Chase, "Field Notes": "On neck, simple maeander, bordered above and below by a single line; on shoulder, ... tongue pattern bordered above and below by a single line, and defining top of main field; at either side of main field, three vertical lines and ... two rows of pellets in regular alternation. Above maeander, a single line runs about the neck; on upper part of foot, similar line; below main field, pair of similar lines. In the main field: female figure (Artemis?) seated on folding stool, right, but with head turned to left. She wears chiton and himation, decorated with a few scattered white and red spots, and in her hair a pellet (right). In her right hand, she holds a branch which extends downward and right. From her shoulders two similar branches rise obliquely. Another extends downward left from just below her right arm; a fifth rises obliquely from the ground under the chair. Four of these branches have a white pellet (berry?) on either side near the middle. The fifth has only one pellet.
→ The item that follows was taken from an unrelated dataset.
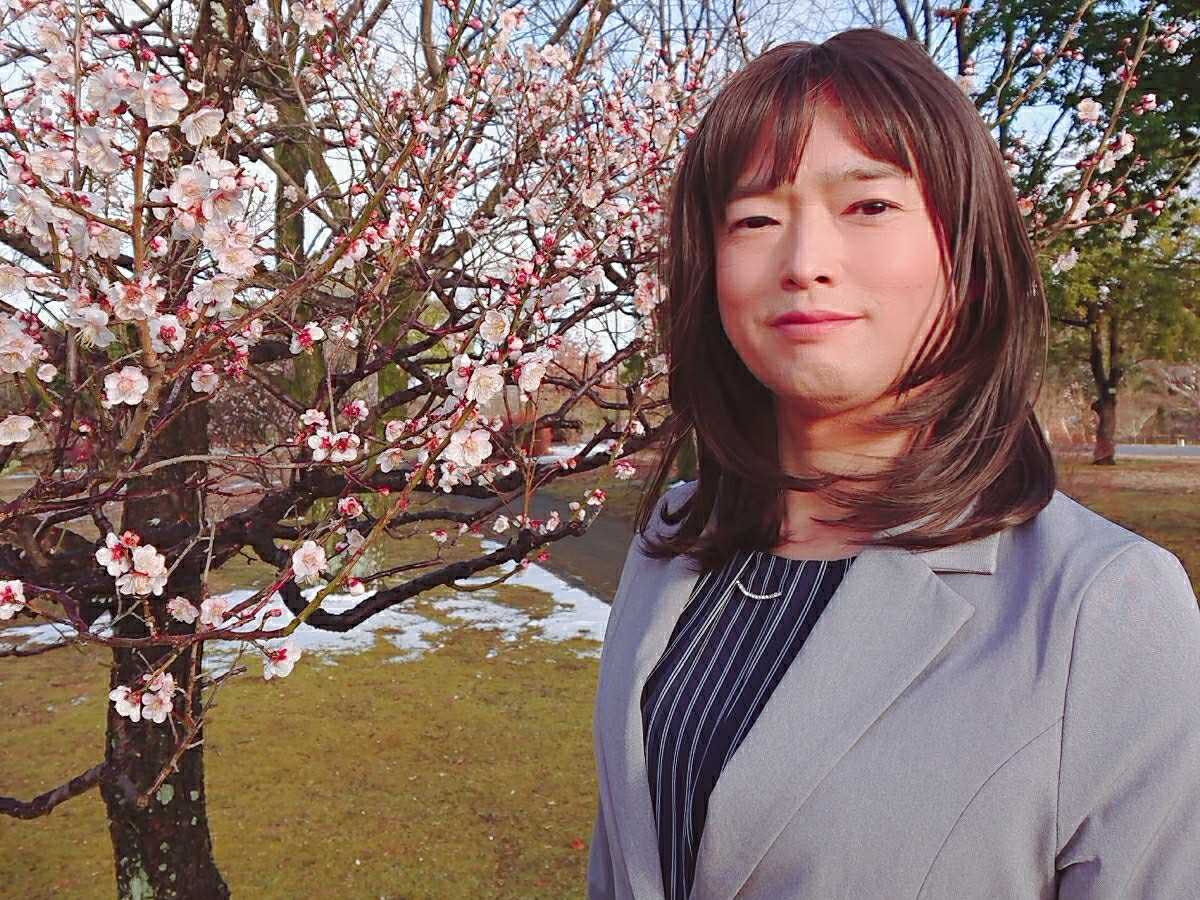 スマイルウーマンズの女装コーディネート（初体験） | 優子の女装ブログ始めました - 楽天ブログ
The left hand of the figure is raised and touches the muzzle of the bull at the right, which has a fillet (right) about his neck. The bull at the left has a similar fillet; his muzzle is marked by a white circle. The legs of the stool are in the form of animals' legs; at the upper end of each and at the point where they cross is a white circle.

"Attic style of 2nd half of 6th C [But here dated ca. 500-480.] Incision rather careless."
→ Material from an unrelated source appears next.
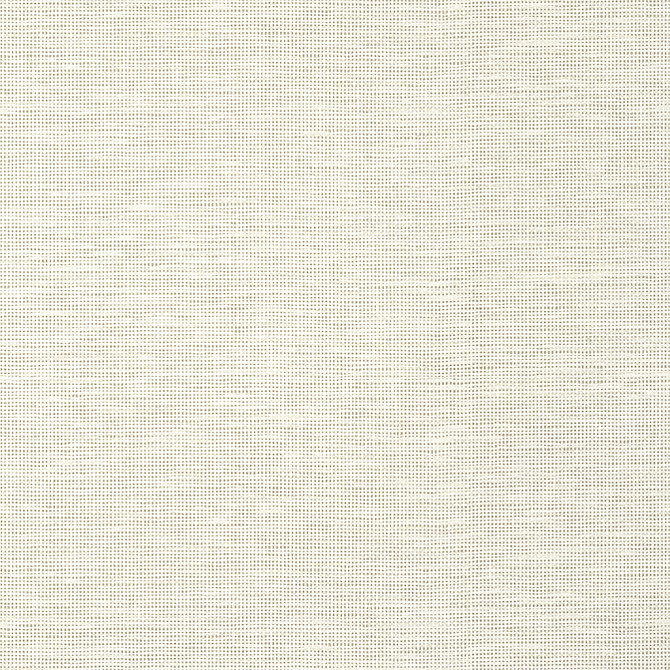 Thibaut Wallpaper Spiro Off White T14561 Wallpaper Non-Woven Vinyl Wallpaper UNITED STATES - </p><p>Repeat: V: 0 27 - My Fabric Connection -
Beazley (ABV 524) relates this class to the Athena Painter, on whose dating, see ABL 163. G.M.A. Hanfmann suggested that the female figure may be Europa.

Dimensions
H. 0.197; diam. 0.125
Comments
See Also
Bibliography
Published: Sardis I, 118, fig. 124. For date, see ABV 533.10; for Tomb 813 contents, see Sardis R2, 75. For the tomb in general, see Sardis I, 159-62 and figs. 122, 177, 178. The tomb also contained a bronze end of a bier pole, a faience Egyptian eye, several terracottas, a stone alabastron, gold objects (Sardis XI, no. 12), and a seal (Sardis XI, no. 104 and Sardis I, 121, fig. 131). I am grateful to the late Edith Porada, who kindly provided the following information regarding this cylinder (by letters to C.H. Greenewalt, Jr., 22 February 1985 and 8 March 1985). She saw it as having been made at Sardis, late in the reign of Darius I, and cited comparisons with an example from Memphis (W. Flinders Petrie et al. ed., Meydum and Memphis III [BSAE XVIII, 1910], pl. 36, no. 27); and she compared the flat-topped headdresses of the sphinxes to those on a sealing from Persepolis (E.F. Schmidt, Persepolis II [Chicago 1953-1957], pl. III, PT 4, 673).